## Task item
Range to output from the entries below: the line containing "used 2017 Honda CR-V car, priced at $18,900" through the line containing "Jan KREFT 1919". Set it down exactly, ends included, nothing else.

## Materials provided

|---|

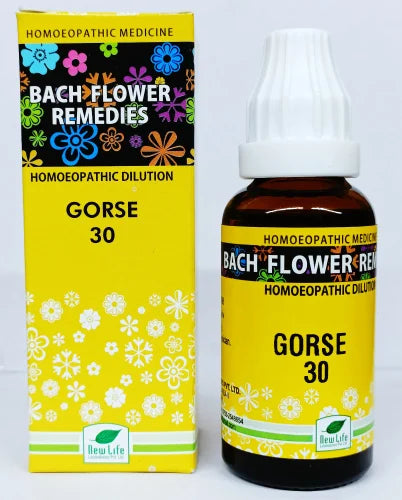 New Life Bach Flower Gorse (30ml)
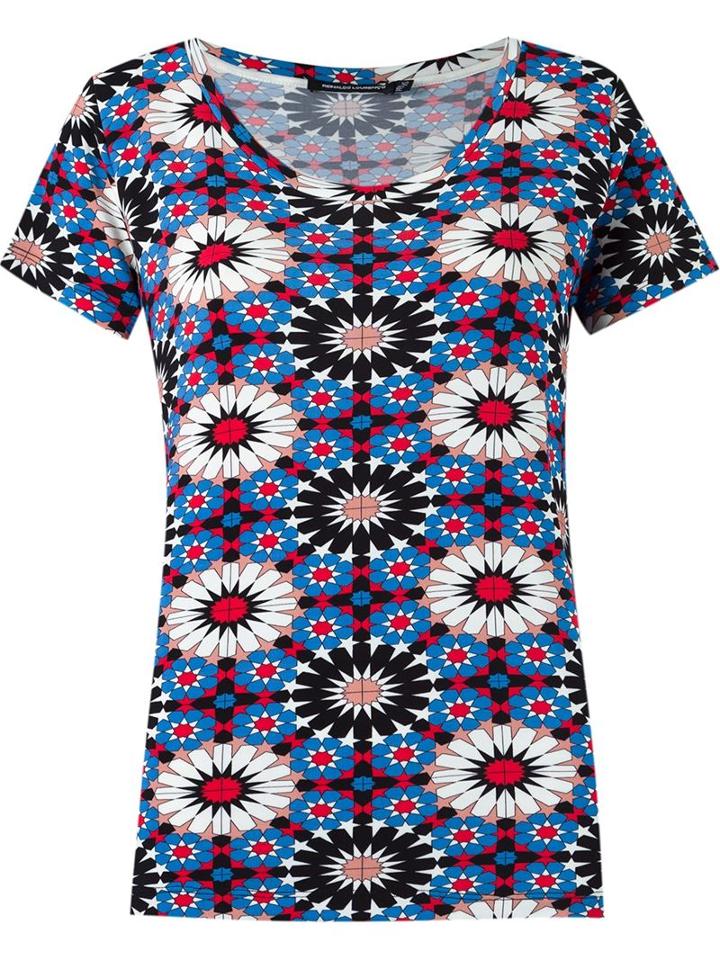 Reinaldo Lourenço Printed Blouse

|---|

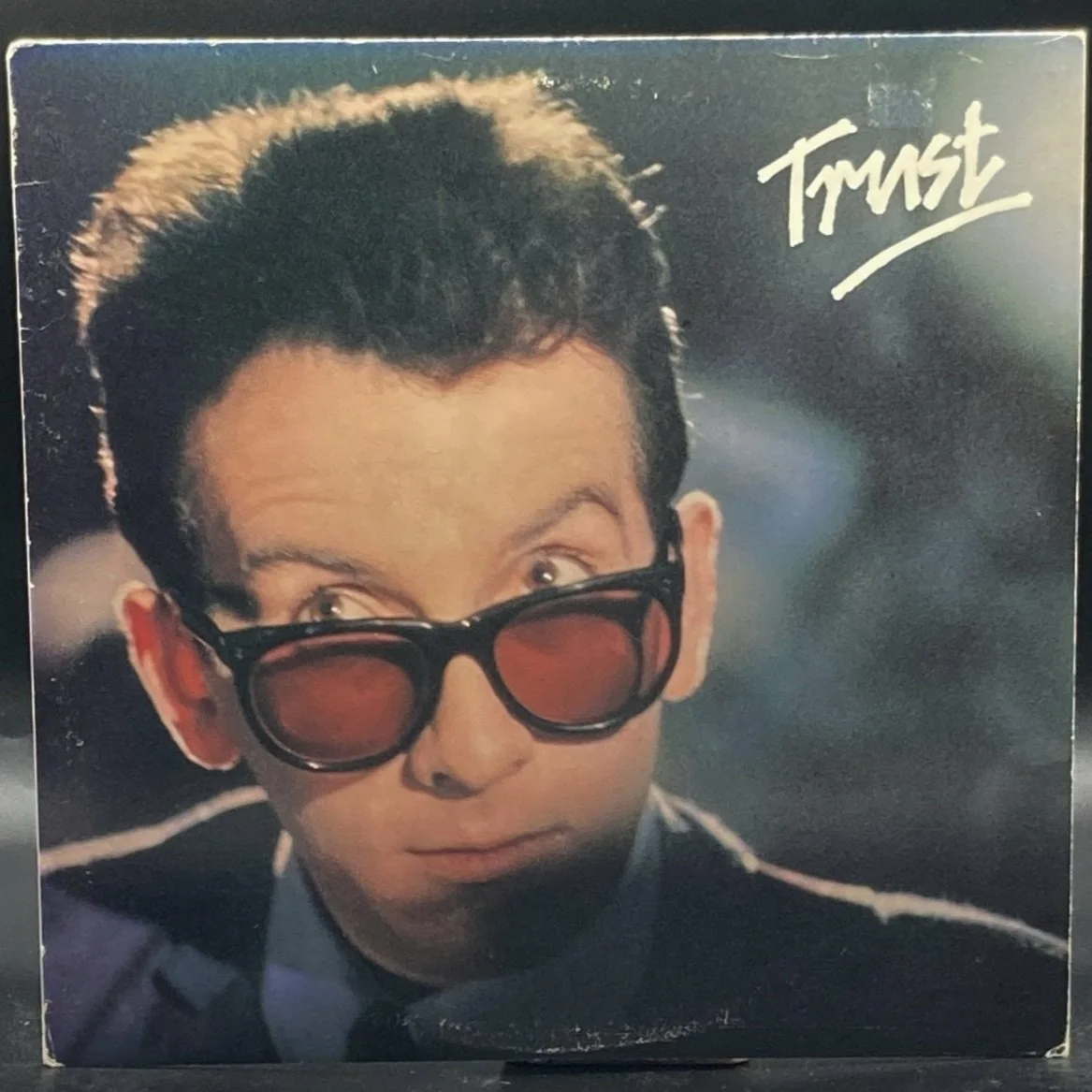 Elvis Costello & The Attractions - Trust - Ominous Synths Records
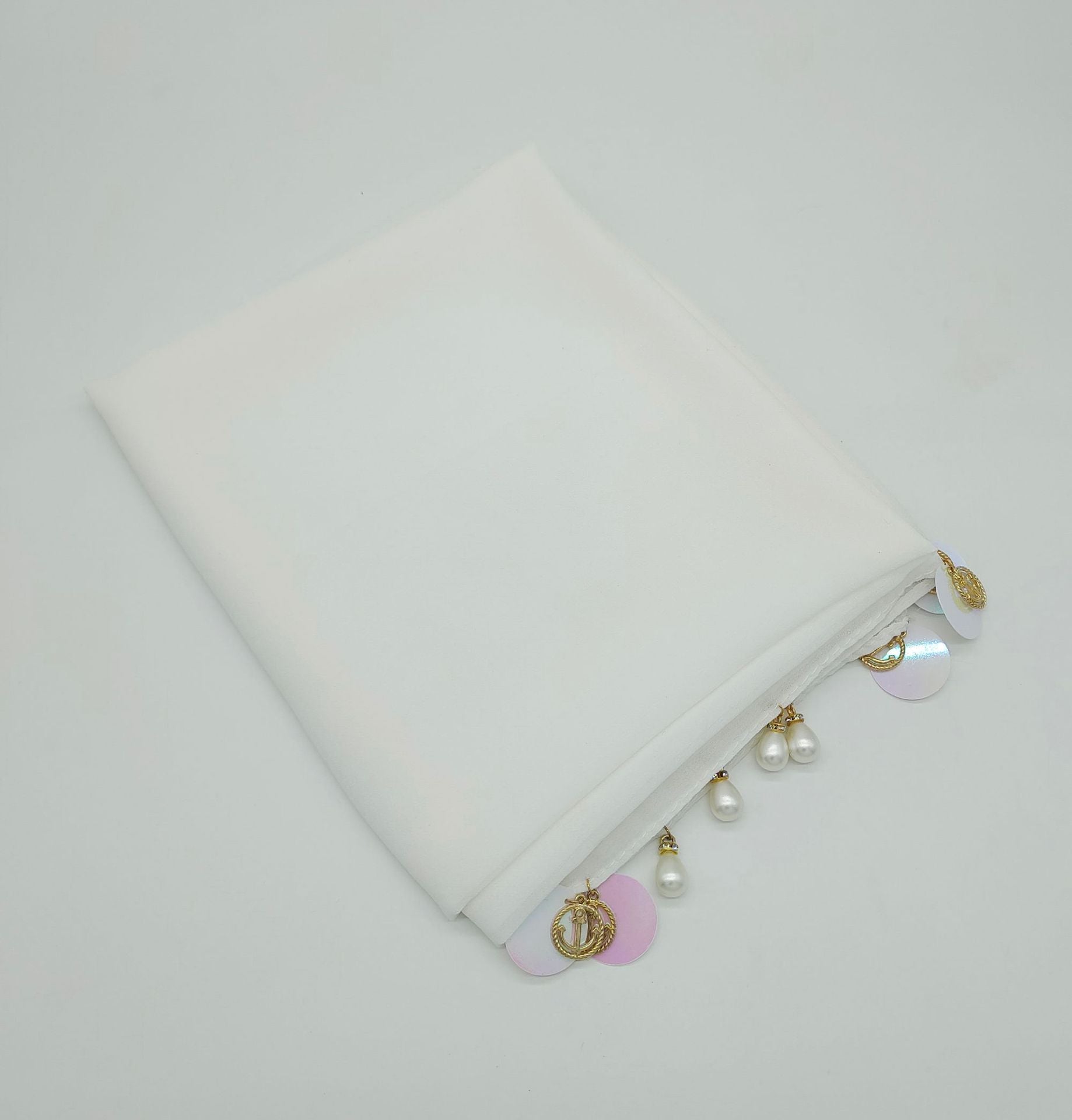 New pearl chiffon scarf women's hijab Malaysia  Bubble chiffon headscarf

|---|

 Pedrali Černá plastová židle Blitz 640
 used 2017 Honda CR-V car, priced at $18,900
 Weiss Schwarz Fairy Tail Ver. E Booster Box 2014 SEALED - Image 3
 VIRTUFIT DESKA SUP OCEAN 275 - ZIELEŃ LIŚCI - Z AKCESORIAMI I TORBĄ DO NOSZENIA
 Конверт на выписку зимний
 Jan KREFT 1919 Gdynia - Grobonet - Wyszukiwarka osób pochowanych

|---|

## Response to the task
 used 2017 Honda CR-V car, priced at $18,900
 Weiss Schwarz Fairy Tail Ver. E Booster Box 2014 SEALED - Image 3
 VIRTUFIT DESKA SUP OCEAN 275 - ZIELEŃ LIŚCI - Z AKCESORIAMI I TORBĄ DO NOSZENIA
 Конверт на выписку зимний
 Jan KREFT 1919 Gdynia - Grobonet - Wyszukiwarka osób pochowanych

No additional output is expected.